Detection And Mitigation Of X-ray Scanner Interference And Gamma-ray Background Suppression In Radiation Portal Monitors

Year
2020
Author(s)
Michael Kuhn - IB3 Global Solutions, Oak Ridge, TN
Nathan Rowe - Oak Ridge National Laboratory (ORNL)
Alex Enders - Oak Ridge National Laboratory
Chris Pope - IB3 Global Solutions
Jason Messimore - Oak Ridge National Laboratory
Jeremy Patterson - Oak Ridge National Laboratory
Abstract

Radiation portal monitors (RPMs) are common border security tools for detecting nuclear and radiologic materials and are commonly deployed across the world including at seaports, airports, and land border crossings. Interference in the gamma background signal is common in these applications from X-ray interference and suppressed gamma-ray background conditions. We have developed a peak detection algorithm to detect interference from X-ray scanners and suppressed gamma-ray background conditions. Our gamma background peak detection algorithm employs a window-threshold method that is optimized for typical peaks caused by X-ray interference and background suppression. This algorithm is robust in tracking the true gamma background level for real-time threshold calculations.
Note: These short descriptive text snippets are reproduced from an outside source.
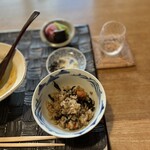 草如庵 - 香茸と人参の炊き込みご飯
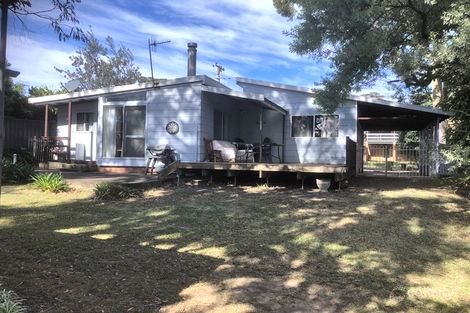 Property photo of 2 Mudges Avenue Narrawallee NSW 2539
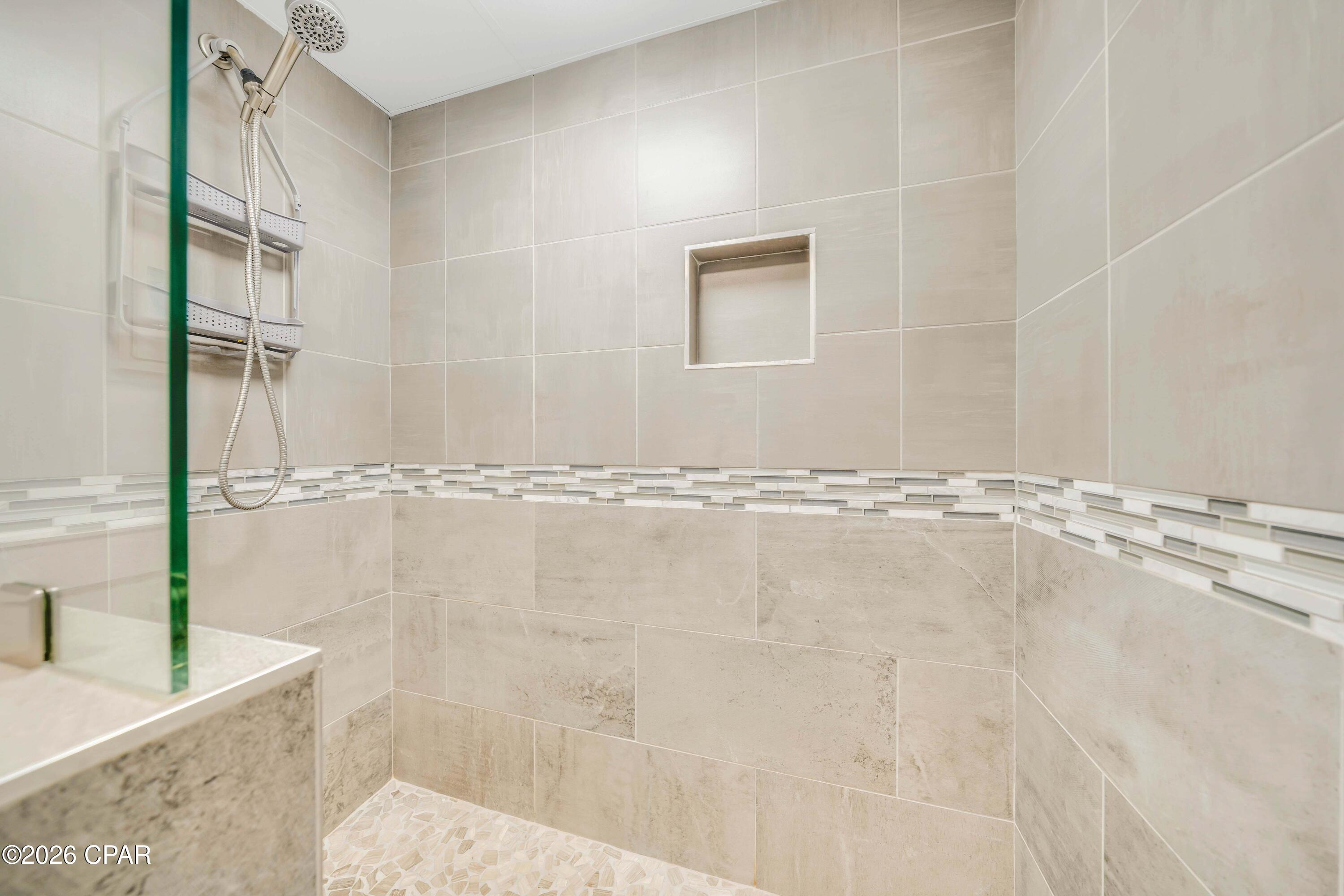 Image 34 For 17155 Front Beach Road 606w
Our main signal processing algorithm for automated analysis processes each gamma detector background signal in an RPM and logs characteristics (e.g., width, height) of the positive and negative peaks to assess the frequency and intensity of X-ray interference and gamma background suppression for an RPM. Data from this peak detection algorithm is fed into two classifiers that we trained to detect significant versus insignificant X-ray interference and suppression of the gamma background. The classifiers are trained on ground truth data and then tested on a larger dataset. The results of our analysis show that our peak detection algorithm provides robust detection of both significant X-ray interference and improper suppression of the gamma background by achieving successful classification of greater than 96%. This approach can be extended in future work to detection of equipment failure and other environmental effects that can be observed in RPM gamma background data.